Re: [Epydoc-devel] XML Docbook output

SourceForge Headquarters 225 Broadway Suite 1600 San Diego, CA 92101 +1 (858) 454-5900

On 2/1/07, Saint Germain <sai...@gm...> wrote:
> Hello,
>
> I'm currently an active user of Python and XML Docbook and would
> like to have my Python documentation generated in XML Docbook.
>
> Epydoc seems to be a really fine documentation generator and I would
> like to help you add an XML Docbook output.
>
> I know Python, XML Docbook and LaTeX and I'm a heavy user of the
> dblatex project (Docbook to LaTeX, and it's written in Python !) :
> http://dblatex.sourceforge.net
>
> Would you like me to add such a feature and if yes can someone help to
> guide me through Epydoc ?
>
> If the LaTeX output is OK, I can just analyse this part and convert it
> in XML Docbook ?

If you want to create a Docbook generator, the best starting point is
largely the LaTeX generator.

Honestly i've not been using the latter generator as often as the HTML
generator, but it is stable enough to generate at least documentation
for Epydoc itself. Furthermore most of the hard work (parsing the
distinct pieces and merging stuff together) is carried out before even
reaching the docwriter.

A sketch of the epydoc structure and where you may want to put your
hands if you want to implement is the following::

             Markups                 Writers

             epytext |             | LaTeX
             javadoc | -> build -> | HTML
           plaintext |             | plaintext
    restructuredtext |

Each markup is implemented by a ParsedDocstring subclass. Writers are
more free-form beasts: there is no base class for writers, whose
interface is a single function called by the cli.py module after
options have been parsed and a docindex generated.
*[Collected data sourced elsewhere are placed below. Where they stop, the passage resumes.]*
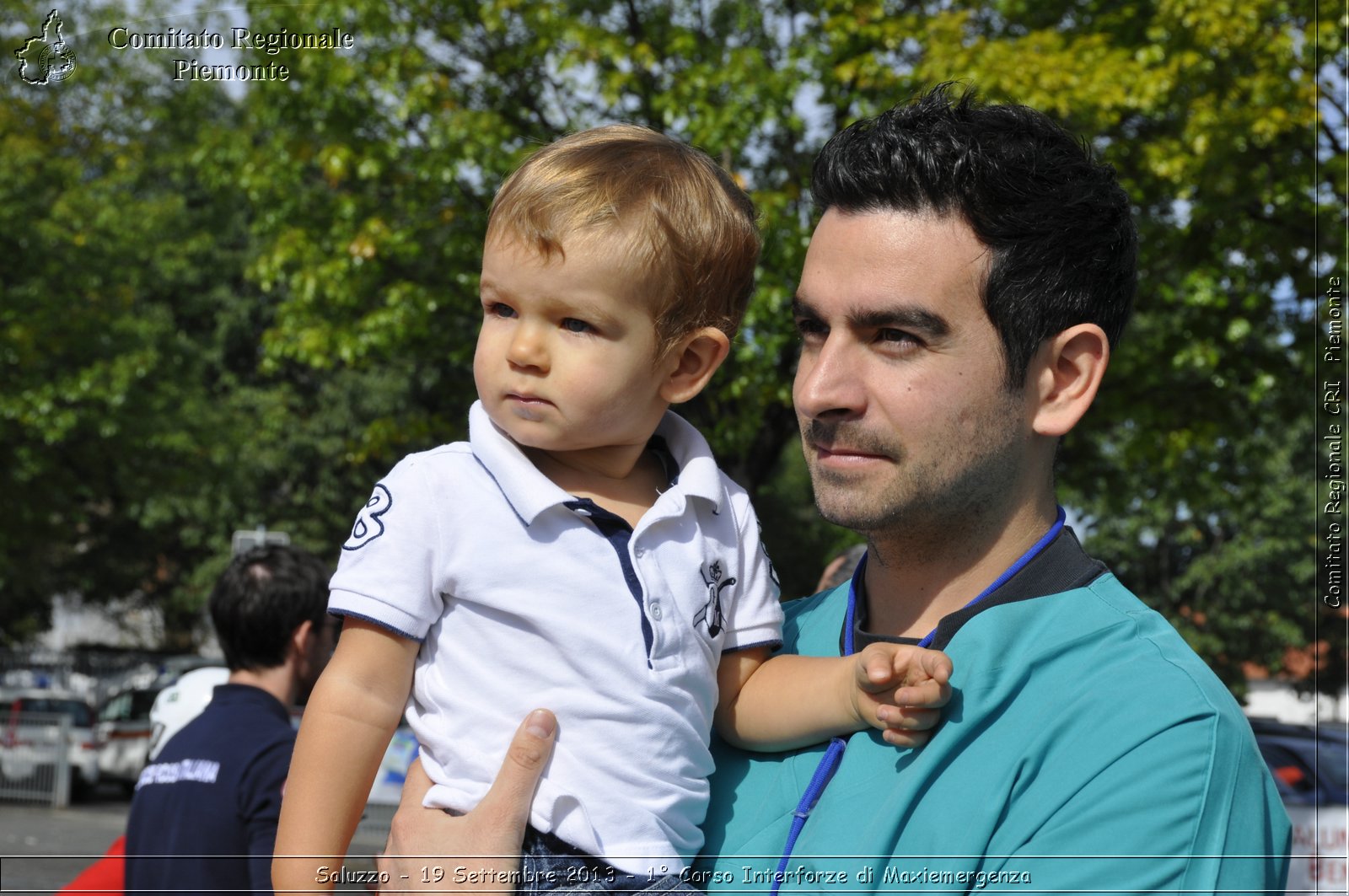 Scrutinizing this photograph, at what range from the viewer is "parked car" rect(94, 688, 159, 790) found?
19906 millimetres

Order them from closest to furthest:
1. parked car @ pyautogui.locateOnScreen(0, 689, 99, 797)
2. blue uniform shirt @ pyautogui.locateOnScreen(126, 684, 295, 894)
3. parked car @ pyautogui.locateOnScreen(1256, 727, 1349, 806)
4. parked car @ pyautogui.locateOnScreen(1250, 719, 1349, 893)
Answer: blue uniform shirt @ pyautogui.locateOnScreen(126, 684, 295, 894), parked car @ pyautogui.locateOnScreen(1250, 719, 1349, 893), parked car @ pyautogui.locateOnScreen(1256, 727, 1349, 806), parked car @ pyautogui.locateOnScreen(0, 689, 99, 797)

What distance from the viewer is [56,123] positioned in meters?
17.5

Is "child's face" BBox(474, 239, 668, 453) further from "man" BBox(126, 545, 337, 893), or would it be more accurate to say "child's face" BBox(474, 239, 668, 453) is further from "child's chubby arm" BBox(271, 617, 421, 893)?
"man" BBox(126, 545, 337, 893)

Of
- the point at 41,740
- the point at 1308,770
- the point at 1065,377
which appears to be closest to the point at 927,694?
the point at 1065,377

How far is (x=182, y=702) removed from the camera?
6.01m

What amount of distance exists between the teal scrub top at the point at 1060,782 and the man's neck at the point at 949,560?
15cm

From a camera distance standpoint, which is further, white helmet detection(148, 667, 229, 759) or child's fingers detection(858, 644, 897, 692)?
white helmet detection(148, 667, 229, 759)

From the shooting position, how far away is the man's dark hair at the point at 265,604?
4.29m

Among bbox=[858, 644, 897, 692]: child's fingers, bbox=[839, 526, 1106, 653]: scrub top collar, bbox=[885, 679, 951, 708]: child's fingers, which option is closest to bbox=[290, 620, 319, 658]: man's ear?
bbox=[839, 526, 1106, 653]: scrub top collar

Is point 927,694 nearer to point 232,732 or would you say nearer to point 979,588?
point 979,588

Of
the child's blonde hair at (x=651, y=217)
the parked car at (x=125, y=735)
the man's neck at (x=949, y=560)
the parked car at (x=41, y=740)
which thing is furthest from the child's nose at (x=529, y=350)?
the parked car at (x=125, y=735)

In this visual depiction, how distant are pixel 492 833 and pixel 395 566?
0.42 metres

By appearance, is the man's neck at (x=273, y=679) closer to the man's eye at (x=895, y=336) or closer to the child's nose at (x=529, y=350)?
the child's nose at (x=529, y=350)

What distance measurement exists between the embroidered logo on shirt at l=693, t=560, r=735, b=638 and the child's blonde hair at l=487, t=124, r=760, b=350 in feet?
1.28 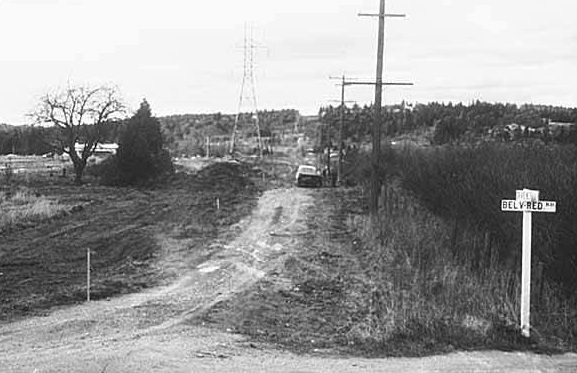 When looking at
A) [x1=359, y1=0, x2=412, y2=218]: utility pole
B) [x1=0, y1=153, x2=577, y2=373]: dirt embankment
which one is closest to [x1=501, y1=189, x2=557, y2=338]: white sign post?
[x1=0, y1=153, x2=577, y2=373]: dirt embankment

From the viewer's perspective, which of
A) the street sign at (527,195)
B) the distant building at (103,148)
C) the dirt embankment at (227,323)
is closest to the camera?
the dirt embankment at (227,323)

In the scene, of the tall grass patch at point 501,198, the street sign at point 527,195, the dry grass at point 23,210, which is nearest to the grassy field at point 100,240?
the dry grass at point 23,210

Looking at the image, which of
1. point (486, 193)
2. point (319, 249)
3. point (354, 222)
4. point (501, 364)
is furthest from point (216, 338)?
point (354, 222)

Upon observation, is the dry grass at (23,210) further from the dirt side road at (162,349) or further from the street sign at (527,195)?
the street sign at (527,195)

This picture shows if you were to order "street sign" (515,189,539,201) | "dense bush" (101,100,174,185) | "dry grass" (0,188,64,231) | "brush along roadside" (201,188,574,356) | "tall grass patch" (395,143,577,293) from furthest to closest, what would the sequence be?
"dense bush" (101,100,174,185) → "dry grass" (0,188,64,231) → "tall grass patch" (395,143,577,293) → "street sign" (515,189,539,201) → "brush along roadside" (201,188,574,356)

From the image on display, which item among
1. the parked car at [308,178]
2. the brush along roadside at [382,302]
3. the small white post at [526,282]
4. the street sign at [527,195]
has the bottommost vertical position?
the parked car at [308,178]

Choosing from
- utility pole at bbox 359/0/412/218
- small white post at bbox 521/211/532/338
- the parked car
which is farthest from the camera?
the parked car

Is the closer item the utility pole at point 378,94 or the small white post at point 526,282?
the small white post at point 526,282

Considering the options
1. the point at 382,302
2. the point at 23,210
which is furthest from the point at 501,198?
the point at 23,210

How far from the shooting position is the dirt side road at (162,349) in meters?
→ 10.1

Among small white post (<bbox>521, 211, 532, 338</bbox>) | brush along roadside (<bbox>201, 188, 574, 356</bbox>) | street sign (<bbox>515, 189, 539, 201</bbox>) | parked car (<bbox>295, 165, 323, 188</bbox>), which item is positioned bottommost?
parked car (<bbox>295, 165, 323, 188</bbox>)

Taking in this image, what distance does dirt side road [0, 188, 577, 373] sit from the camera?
1011 centimetres

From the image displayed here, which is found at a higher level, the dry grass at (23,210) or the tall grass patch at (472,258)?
the tall grass patch at (472,258)

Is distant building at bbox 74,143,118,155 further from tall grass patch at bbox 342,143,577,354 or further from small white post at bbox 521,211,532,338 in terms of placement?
small white post at bbox 521,211,532,338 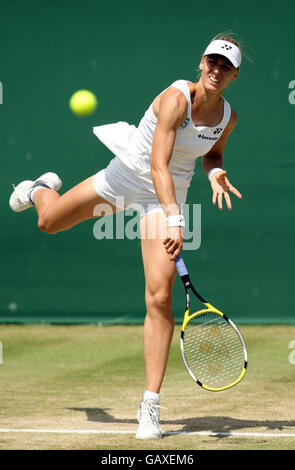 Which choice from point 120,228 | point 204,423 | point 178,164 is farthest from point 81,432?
point 120,228

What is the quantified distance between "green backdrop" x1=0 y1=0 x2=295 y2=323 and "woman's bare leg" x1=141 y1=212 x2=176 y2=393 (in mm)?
2847

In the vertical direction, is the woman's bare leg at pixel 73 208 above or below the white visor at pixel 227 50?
below

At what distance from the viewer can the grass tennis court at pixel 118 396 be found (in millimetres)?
3307

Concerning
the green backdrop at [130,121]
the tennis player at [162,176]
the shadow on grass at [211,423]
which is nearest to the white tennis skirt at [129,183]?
the tennis player at [162,176]

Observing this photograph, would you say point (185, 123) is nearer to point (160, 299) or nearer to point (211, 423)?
point (160, 299)

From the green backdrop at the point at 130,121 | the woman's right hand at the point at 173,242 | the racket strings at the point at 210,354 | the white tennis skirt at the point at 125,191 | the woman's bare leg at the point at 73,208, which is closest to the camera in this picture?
the woman's right hand at the point at 173,242

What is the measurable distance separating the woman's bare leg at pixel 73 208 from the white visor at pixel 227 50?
83 cm

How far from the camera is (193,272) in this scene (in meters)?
6.40

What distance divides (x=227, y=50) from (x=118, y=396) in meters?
1.79

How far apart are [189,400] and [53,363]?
4.14 feet

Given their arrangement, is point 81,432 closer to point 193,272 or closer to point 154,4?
point 193,272

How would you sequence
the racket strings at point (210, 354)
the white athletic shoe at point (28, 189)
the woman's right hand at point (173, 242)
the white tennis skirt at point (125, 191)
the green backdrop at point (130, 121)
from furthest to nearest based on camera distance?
the green backdrop at point (130, 121) < the white athletic shoe at point (28, 189) < the white tennis skirt at point (125, 191) < the racket strings at point (210, 354) < the woman's right hand at point (173, 242)

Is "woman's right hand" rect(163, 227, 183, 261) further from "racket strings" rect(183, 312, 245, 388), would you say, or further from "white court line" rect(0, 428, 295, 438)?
"white court line" rect(0, 428, 295, 438)

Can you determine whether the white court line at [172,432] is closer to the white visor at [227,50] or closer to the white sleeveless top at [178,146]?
the white sleeveless top at [178,146] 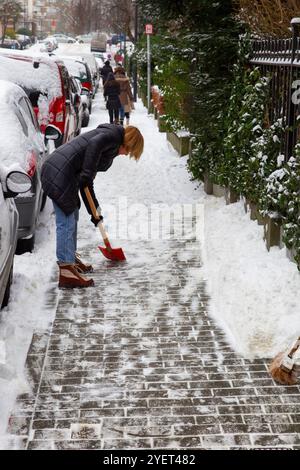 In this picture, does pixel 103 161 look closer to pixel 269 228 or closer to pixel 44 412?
pixel 269 228

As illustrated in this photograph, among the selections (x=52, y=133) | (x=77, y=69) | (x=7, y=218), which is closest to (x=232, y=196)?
Result: (x=52, y=133)

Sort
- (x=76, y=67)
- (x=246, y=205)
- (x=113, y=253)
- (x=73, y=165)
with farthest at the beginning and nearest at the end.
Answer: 1. (x=76, y=67)
2. (x=246, y=205)
3. (x=113, y=253)
4. (x=73, y=165)

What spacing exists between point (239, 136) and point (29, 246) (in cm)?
268

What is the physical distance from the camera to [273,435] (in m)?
4.22

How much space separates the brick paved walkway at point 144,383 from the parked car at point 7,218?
0.59 meters

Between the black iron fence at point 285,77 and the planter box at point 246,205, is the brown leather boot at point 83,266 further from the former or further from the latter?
the planter box at point 246,205

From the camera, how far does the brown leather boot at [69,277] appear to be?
6.88 metres

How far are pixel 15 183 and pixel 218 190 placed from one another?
4946 mm

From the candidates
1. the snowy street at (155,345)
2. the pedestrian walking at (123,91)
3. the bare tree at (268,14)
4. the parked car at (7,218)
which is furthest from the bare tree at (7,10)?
the parked car at (7,218)

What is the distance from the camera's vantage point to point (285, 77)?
7.39 m

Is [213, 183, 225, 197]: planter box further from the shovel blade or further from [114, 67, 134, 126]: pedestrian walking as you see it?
[114, 67, 134, 126]: pedestrian walking

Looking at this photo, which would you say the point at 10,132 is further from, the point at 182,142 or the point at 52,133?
the point at 182,142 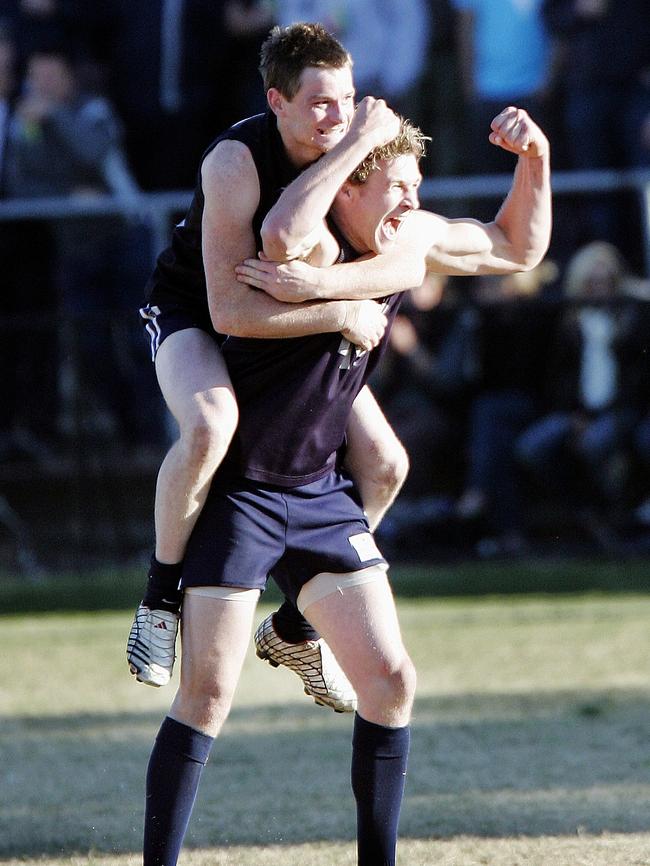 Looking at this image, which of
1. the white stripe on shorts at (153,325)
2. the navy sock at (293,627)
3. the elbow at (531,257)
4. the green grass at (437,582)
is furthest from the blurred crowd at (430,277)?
the white stripe on shorts at (153,325)

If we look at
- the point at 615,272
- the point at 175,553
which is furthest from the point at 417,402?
the point at 175,553

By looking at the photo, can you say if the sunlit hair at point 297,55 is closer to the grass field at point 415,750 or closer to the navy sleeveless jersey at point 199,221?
the navy sleeveless jersey at point 199,221

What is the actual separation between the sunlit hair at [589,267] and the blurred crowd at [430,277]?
1 cm

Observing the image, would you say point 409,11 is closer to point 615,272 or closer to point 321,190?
point 615,272

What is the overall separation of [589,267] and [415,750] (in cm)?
464

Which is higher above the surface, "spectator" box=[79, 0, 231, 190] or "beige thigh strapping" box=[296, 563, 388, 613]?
"spectator" box=[79, 0, 231, 190]

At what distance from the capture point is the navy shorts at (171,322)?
11.5ft

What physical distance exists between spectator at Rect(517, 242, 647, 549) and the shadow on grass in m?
3.17

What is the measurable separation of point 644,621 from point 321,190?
4.64 metres

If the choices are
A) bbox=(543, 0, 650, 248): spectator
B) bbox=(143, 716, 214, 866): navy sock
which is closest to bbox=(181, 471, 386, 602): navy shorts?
bbox=(143, 716, 214, 866): navy sock

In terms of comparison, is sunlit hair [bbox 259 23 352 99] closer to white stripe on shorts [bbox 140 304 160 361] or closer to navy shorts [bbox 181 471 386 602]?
white stripe on shorts [bbox 140 304 160 361]

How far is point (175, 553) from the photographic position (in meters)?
3.41

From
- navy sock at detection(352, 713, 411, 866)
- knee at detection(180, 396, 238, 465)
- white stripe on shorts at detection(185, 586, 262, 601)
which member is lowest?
navy sock at detection(352, 713, 411, 866)

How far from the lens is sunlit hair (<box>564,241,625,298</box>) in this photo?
892cm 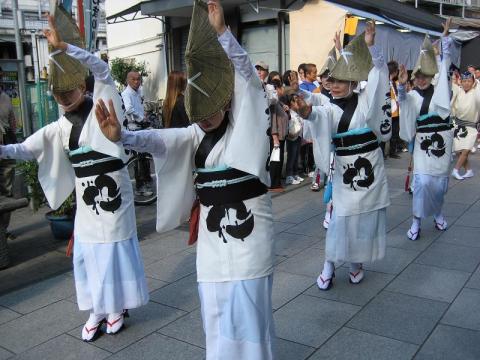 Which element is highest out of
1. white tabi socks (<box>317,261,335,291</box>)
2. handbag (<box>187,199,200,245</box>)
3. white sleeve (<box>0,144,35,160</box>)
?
white sleeve (<box>0,144,35,160</box>)

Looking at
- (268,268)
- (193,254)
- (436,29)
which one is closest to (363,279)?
(193,254)

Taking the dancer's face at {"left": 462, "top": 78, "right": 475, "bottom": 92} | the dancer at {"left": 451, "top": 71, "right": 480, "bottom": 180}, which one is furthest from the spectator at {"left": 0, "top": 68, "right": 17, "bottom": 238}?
the dancer's face at {"left": 462, "top": 78, "right": 475, "bottom": 92}

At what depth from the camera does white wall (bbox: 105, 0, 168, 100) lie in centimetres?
1620

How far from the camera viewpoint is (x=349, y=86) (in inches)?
154

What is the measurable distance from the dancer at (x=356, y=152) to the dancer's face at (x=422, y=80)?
4.96 ft

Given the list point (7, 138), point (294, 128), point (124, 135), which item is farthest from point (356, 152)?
point (7, 138)

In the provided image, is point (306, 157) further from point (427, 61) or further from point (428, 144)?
point (427, 61)

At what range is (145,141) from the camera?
2371 mm

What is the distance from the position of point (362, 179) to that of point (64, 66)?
7.86 feet

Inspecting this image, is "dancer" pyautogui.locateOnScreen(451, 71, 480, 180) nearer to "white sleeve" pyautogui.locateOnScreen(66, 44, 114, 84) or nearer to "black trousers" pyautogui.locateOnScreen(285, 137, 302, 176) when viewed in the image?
"black trousers" pyautogui.locateOnScreen(285, 137, 302, 176)

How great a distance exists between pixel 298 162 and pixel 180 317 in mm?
6124

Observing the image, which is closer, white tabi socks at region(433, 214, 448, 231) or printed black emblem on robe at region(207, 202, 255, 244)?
printed black emblem on robe at region(207, 202, 255, 244)

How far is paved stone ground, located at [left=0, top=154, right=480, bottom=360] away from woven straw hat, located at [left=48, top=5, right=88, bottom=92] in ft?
5.76

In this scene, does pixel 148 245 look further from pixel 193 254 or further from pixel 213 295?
pixel 213 295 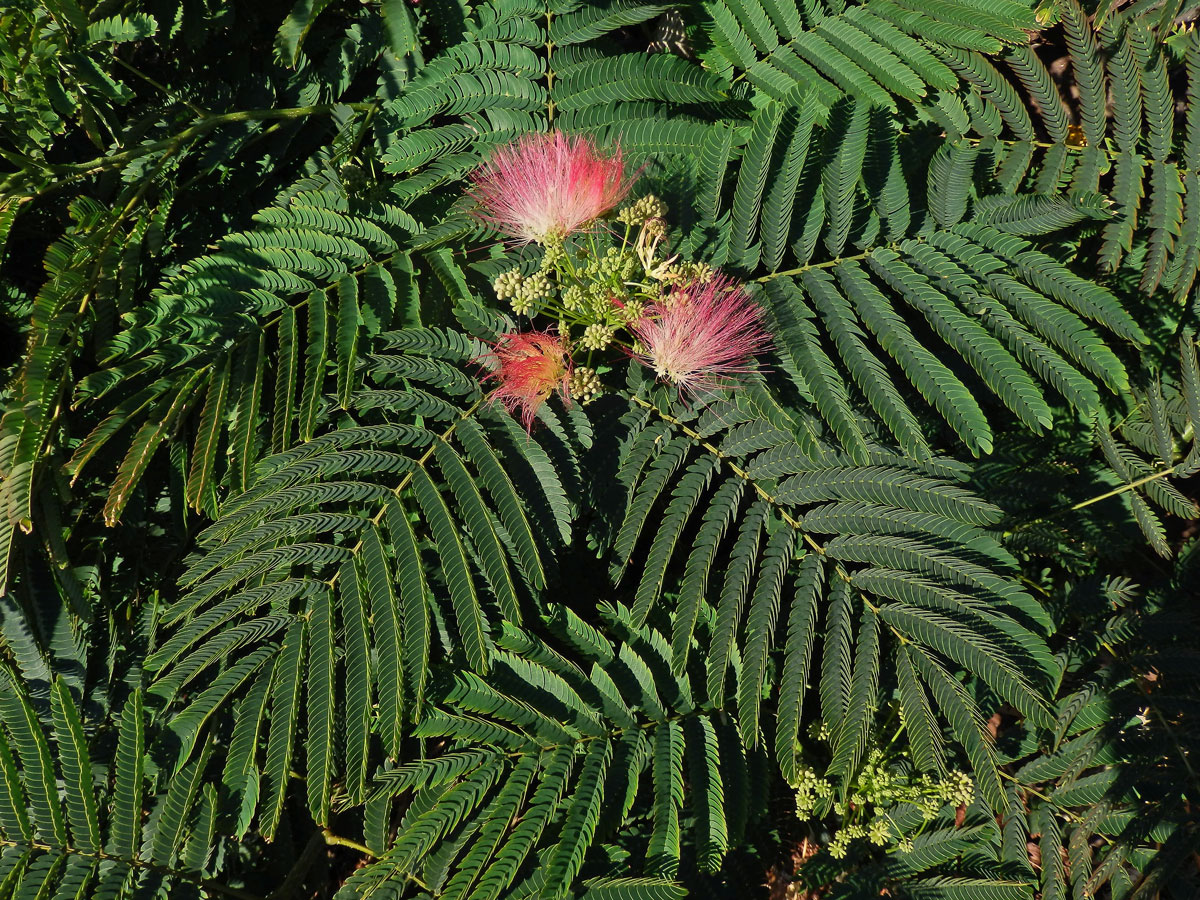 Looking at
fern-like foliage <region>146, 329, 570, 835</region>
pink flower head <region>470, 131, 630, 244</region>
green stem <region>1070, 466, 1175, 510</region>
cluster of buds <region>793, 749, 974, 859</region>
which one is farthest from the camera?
green stem <region>1070, 466, 1175, 510</region>

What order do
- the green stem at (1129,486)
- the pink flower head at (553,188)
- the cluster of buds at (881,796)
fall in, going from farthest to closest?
the green stem at (1129,486) → the cluster of buds at (881,796) → the pink flower head at (553,188)

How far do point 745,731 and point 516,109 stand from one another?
6.87ft

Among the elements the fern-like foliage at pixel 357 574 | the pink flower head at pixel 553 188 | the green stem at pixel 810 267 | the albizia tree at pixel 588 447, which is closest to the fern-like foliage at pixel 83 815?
the albizia tree at pixel 588 447

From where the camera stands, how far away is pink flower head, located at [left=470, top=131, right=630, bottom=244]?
8.11 feet

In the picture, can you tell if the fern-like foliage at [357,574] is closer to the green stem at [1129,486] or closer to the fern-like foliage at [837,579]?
the fern-like foliage at [837,579]

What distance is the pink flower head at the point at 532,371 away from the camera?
247cm

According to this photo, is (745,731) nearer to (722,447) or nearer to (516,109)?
(722,447)

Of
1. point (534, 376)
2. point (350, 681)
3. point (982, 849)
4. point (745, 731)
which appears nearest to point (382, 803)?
point (350, 681)

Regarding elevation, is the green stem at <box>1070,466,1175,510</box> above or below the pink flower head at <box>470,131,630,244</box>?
below

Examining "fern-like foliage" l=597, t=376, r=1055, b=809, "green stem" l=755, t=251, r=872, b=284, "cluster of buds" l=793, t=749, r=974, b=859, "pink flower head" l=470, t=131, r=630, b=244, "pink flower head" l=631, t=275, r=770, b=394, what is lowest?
"cluster of buds" l=793, t=749, r=974, b=859

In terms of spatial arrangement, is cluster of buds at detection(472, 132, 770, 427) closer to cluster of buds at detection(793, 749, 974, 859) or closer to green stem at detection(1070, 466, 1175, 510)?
cluster of buds at detection(793, 749, 974, 859)

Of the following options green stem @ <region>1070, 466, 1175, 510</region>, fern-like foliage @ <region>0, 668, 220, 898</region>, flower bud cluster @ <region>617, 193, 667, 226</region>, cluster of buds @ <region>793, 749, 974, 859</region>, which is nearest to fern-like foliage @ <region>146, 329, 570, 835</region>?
fern-like foliage @ <region>0, 668, 220, 898</region>

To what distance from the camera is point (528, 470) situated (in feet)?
8.26

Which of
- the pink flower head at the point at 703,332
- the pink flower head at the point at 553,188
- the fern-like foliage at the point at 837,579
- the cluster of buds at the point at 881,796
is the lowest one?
the cluster of buds at the point at 881,796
The ParsedDocstring interface offers methods to retrieve a docstring
in the target output format: currently methods to_plaintext(),
to_html(), to_latex() methods are exposed. The concrete subclasses are
responsible to implement such methods (while a fallback must be
provided by the base class).

Writing a Docbook generator should require the following steps:
1. add a new writer implementing the sequences of calls to observe the
built set of documents;
2. add a new method ParsedDocstring.to_docbook() implementing a
default behavior, which typically is to return a a few more than the
text version;
3. implement the details of converting the specific markups into Docbook format.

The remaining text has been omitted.